The exhibition, which opened in the same week that saw the 20th anniversary of the start of the Rwandan genocide, is at the Quaker centre in London, Friends House. It features testimonies including text and photographs of over 20 peacebuilders, all from sub-Saharan African countries and follows their journeys transforming suffering into social change. All of those involved are either Quakers or involved with Quaker work and all have experienced violence.
More than 40 peacebuilders in Africa offered their stories and conducted many of the interviews with one another. The stories were gathered and edited by Laura Shipler Chico, programme manager for Peacebuilding in East Africa for Quaker Peace and Social Witness, a department of Quakers in Britain.

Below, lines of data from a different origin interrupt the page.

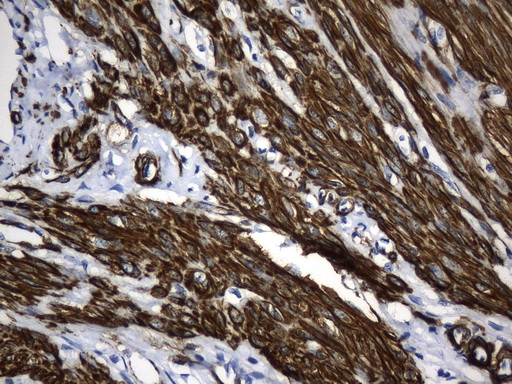 ACTA2 / Smooth Muscle Actin Antibody - Immunohistochemical staining of paraffin-embedded Human endometrium tissue within the normal limits using anti-ACTA2. (smooth muscle actin alpha, SMA) mouse monoclonal antibody. (Heat-induced epitope retrieval by 1mM EDTA in 10mM Tris buffer. (pH8.5) at 120°C for 3 min. (1:3200)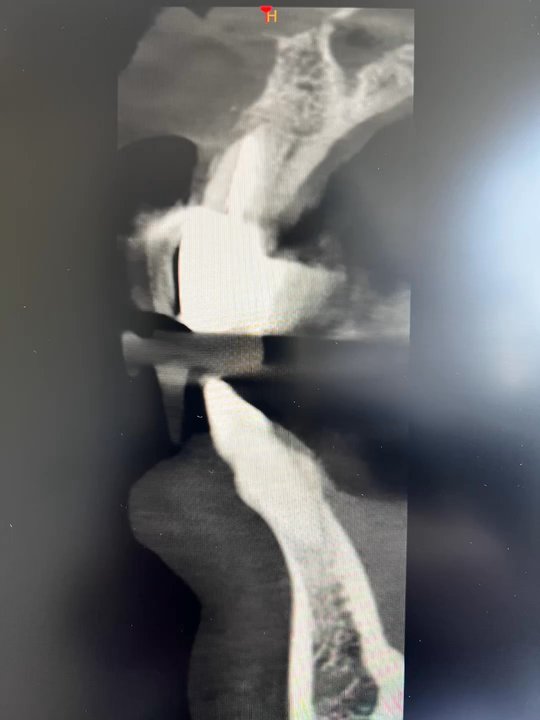 Vick Kargodorian, DDS - Immediate implant after extraction - General Dentistry Near Me - Hollywood, California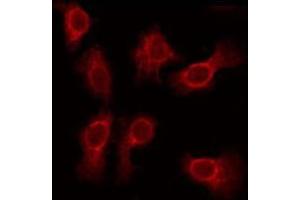 ABIN6275615 staining Hela by IF/ICC. (SVOP 抗体  (Internal Region))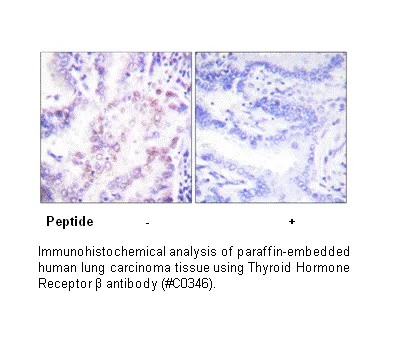 Thyroid Hormone Receptor β Antibody - image 2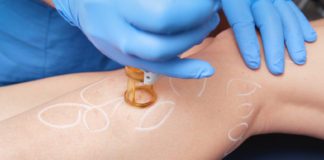 Masz objawy żylaków kończyn dolnych – nie zwlekaj z leczeniem Leczenie żylaków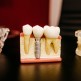 Czy implanty zębowe trzeba wymieniać?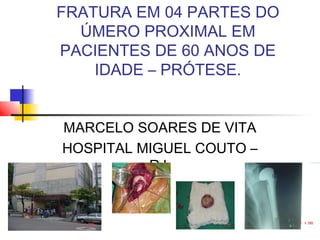 FRATURA EM 04 PARTES DO
ÚMERO PROXIMAL EM
PACIENTES DE 60 ANOS DE
IDADE – PRÓTESE.
MARCELO SOARES DE VITA
HOSPITAL MIGUEL COUTO –
RJ.
 
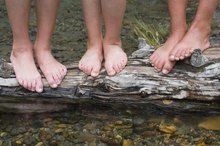 Flat Feet in Teenagers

Speaking about the inspiration for the project, Laura Shipler Chico said: “Weaving throughout these stories is the belief that somewhere within our imperfect selves, however hidden under layers of grief, loss, tragedy, hurt, and disillusion, there is something good, something wise, something knowing. And it is this divine kernel that pushes us to keep struggling to fix our broken world; to transform hurt and grief and the human lust for vengeance into something new, into a commitment to peace no matter the cost. This book invites us to do what the peacebuilders in this book have been striving to do for a long time: listen – with simplicity – for the truth. And when we hear it, let us walk side by side right into the heart of hurt, the deep and frightening darkness, and look for light.”
The exhibition in Friends House is on until 08/05/2014 and is accompanied by a series of film nights.